For the pie dough,  mix the sugar and butter until it is light and fluffy.  Add the dry ingredients and gently mix.  Incorporate the vanilla, lemon zest and egg yolks.   Form the mixture into a ball and let it rest in the refrigerator for 30 minutes.   With a lightly floured rolling pin on a lightly floured surface, roll the dough out into a quarter inch thick circle. Lightly drape the dough over a 12 inch tart or pie pan. Fit the dough and trim any remaining dough. Cover with parchment paper and let rest in the refrigerator for another half hour. In a pre-heated oven, bake the pie shell covered with parchment paper topped with baking beads (or you can use dry beans or rice) for 12 minutes.

For the filling,  place the sweet potatoes, cinnamon, star anise and orange on a baking sheet and drizzle the melted butter over everything. Bake at 350 degrees until the sweet potatoes are tender.  Scoop out the potatoes and pass it through a sieve or strainer so it turns into a potato purée.  Discard the spices and orange. Set the potato purée aside to cool. 
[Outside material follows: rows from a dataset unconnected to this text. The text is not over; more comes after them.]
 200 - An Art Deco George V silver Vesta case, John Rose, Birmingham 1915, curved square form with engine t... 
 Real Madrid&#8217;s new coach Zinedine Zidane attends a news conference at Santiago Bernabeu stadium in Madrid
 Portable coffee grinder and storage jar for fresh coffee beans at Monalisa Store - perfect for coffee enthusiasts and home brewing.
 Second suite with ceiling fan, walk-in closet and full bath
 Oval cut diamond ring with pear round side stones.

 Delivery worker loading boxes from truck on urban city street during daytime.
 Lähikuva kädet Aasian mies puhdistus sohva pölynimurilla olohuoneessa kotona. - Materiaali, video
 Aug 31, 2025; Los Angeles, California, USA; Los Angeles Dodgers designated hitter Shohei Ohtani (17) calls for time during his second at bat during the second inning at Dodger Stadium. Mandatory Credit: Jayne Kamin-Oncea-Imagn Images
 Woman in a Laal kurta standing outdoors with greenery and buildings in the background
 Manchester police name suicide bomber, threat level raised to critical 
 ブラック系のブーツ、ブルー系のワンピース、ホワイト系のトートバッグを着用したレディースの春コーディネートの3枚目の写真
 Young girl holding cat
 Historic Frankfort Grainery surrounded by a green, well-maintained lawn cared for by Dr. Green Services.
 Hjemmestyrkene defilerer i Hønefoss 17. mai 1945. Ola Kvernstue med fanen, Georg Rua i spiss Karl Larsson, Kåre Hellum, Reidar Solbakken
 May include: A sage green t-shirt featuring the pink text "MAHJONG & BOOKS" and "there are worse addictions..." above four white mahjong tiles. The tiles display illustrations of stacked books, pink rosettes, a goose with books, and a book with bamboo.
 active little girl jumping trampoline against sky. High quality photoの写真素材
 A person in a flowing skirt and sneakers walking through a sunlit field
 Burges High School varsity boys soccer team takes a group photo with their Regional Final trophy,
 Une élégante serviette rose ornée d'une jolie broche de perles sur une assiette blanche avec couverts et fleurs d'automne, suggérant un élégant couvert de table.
Mix all the custard ingredients until blended and fold it into the potato purée until fully blended. Pour this mixture into the cooked tart shell and finish cooking until set, about 35 minutes.

Honey Meringue Topping:
3 egg whites
2 cups honey reduced by half

Whip the egg whites until stiff and incorporate the hot reduced honey. Top the cooked sweet potato pie and broil until the meringue gets a toasted color.  Enjoy.